Regia di Akira Kurosawa vedi scheda film
Ci vuole un genio del cinema come Kurosawa per rendere visibile la profondità interiore, trasformandola in una sorta di emanazione calda e vibrante, una forza magnetica che attrae e respinge a seconda delle circostanze. Il protagonista è circondato da un magia semplice, ma sovrumana nella sua imperturbabile ed incondizionata generosità; lo choc di essere stato graziato pochi istanti prima dell’esecuzione è come un grido di gioia represso che si è sublimato in un perenne, serafico incanto. La sua idiozia non è null’altro che la pace con se stessi e con il prossimo, ed il rifiuto dei meccanismi della competizione e della corsa al successo. La donna per lui non è né oggetto di baratto né traguardo di conquista, bensì una persona da adorare e coprire di cure ed attenzioni. Quest’approccio romantico ed ingenuo all’amore è un frammento di assoluto, in cui il melodramma si incrocia con la favola ed il dramma a sfondo morale.
Il vero tema del film è la sensibilità: la storia si trascina come una languida melodia, toccando uno ad uno, e con la massima delicatezza, i tasti delle emozioni umane. Le anime dei personaggi sciorinano con lentezza le inafferrabili sfumature dei loro sentimenti, e i dialoghi, le espressioni e i gesti accompagnano il loro molle andirivieni percorrendo attentamente il ciglio tra impulso passionale e riflessione etica. Le parole percuotono dolcemente l’atmosfera come tintinnii di campanelli o note di un carillon.
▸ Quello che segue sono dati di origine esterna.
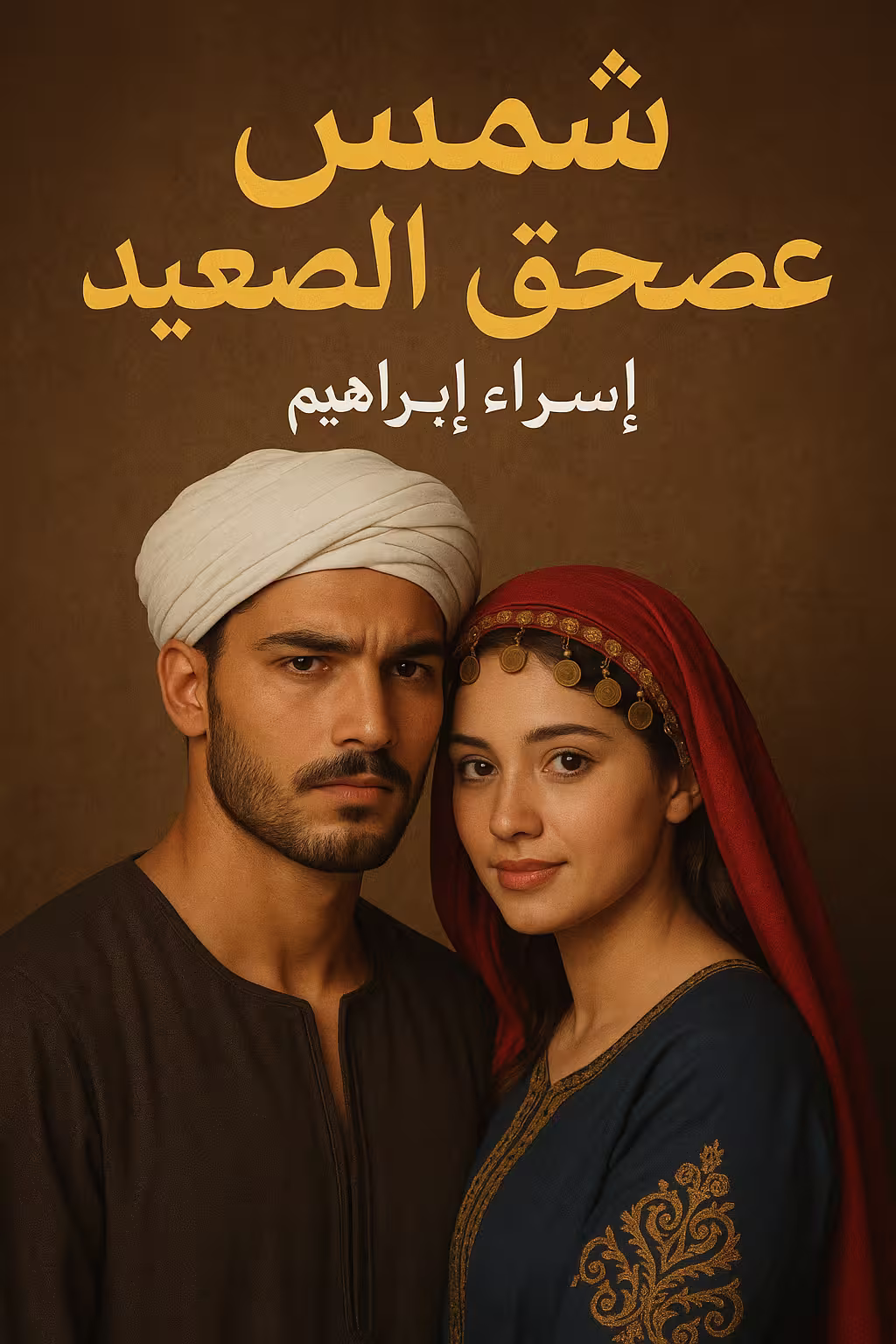 رواية شمس صقر الصعيد (كاملة) من الفصل الأول للأخير بقلم إسراء ابراهيم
Il suono, nel complesso, è squisitamente discreto, però anche discontinuo e freddo, perché segue i singoli, sporadici palpiti dell’essere.
Questo film, più che il racconto di una storia, è la sua chiosa; è il profluvio delle annotazioni in calce che spezza e dilata il corso della narrazione, commentando ogni istante con i desideri, le paure, gli slanci e le avversioni che investono momentaneamente il cuore.